Here’s an inspiring 14-minute TEDx Talk by photographer Billy Weeks about documentary photography. Weeks explores that specific moment in which a photographer and subject “intersect with a single point of view.”
Coming from a poor background, Weeks built a career for himself in photojournalism. He spent a lot of his time documenting people, particularly those from similar upbringings. His first job was for the Chattanooga Times in 1984 as a staff photographer, and in 1999 he was promoted to Director of Photography. Only relatively recently in 2010 did Weeks become an independent documentary photographer.

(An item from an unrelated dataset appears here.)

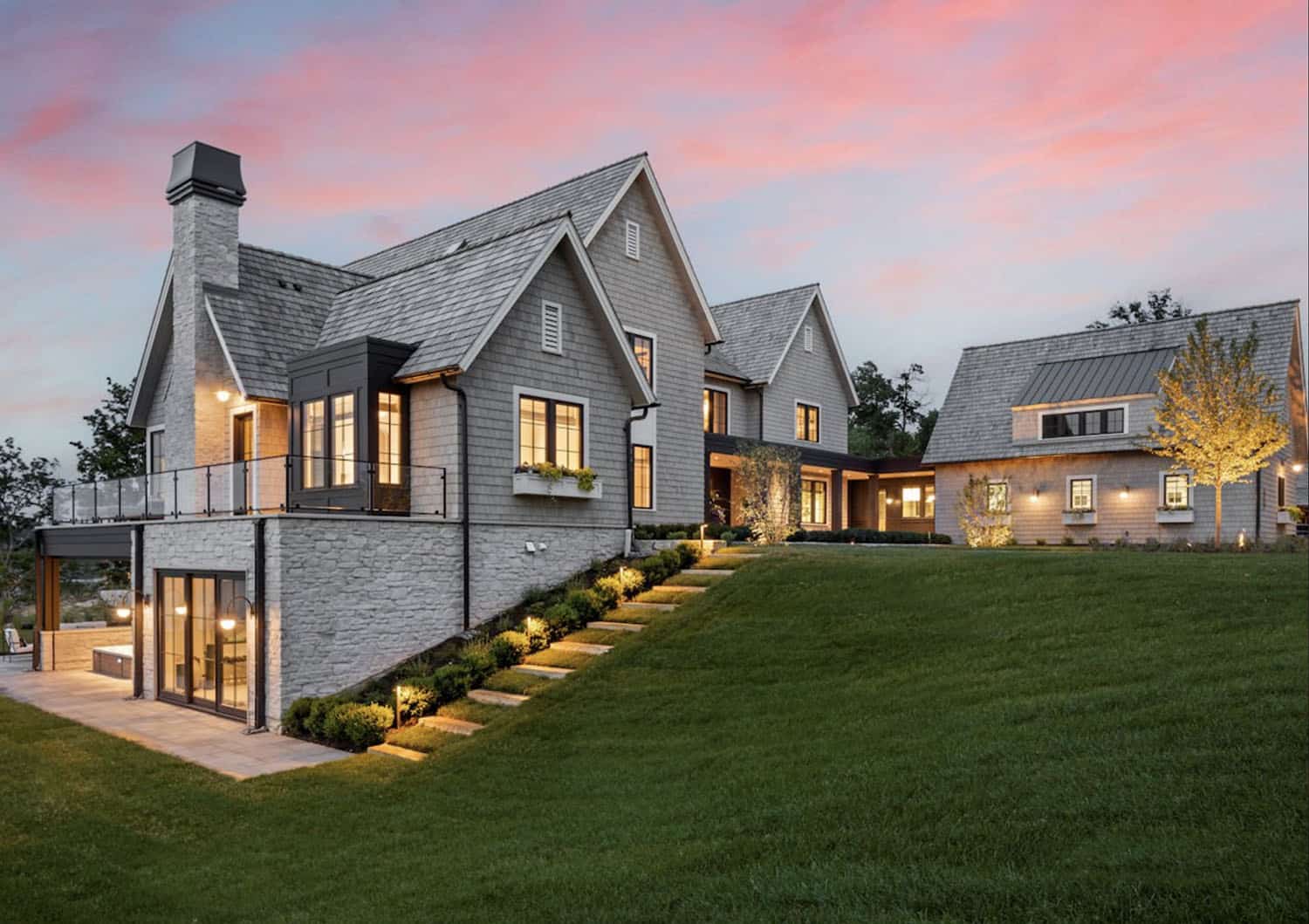 modern lake house exterior backyard view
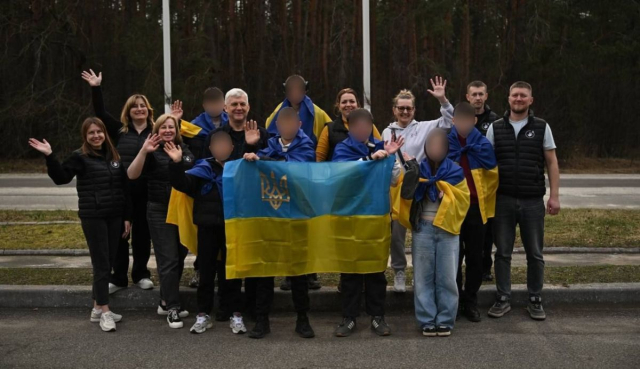 Еще семерых украинских детей удалось вернуть на подконтрольную территорию Украины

Since then, he’s covered assignments from the World Series to documenting the lives of those living in small villages in Central America. His images of poverty in Honduras won an “Award of Excellence” for editorial photography in the Communication Arts Photography Annual. Since then he has picked up a number of other awards and seen his images published in high profile magazines.
Weeks reminds us that there are two views in documentary photography: that of the photographer, and that of the subject. This talk should give you some inspiration and insight into the responsibility that documentary photographers have in always remembering that there are two people to every photograph.
Throughout the talk, Weeks gives examples of his past assignments and what factors from his own experiences have shaped the images he ultimately produced.
“My photographs are my autobiography,” says Weeks. “If you dig deeper, you’ll find an understanding of a photographer with human politics and rights at its core.
“In the end, I’m always photographing myself.”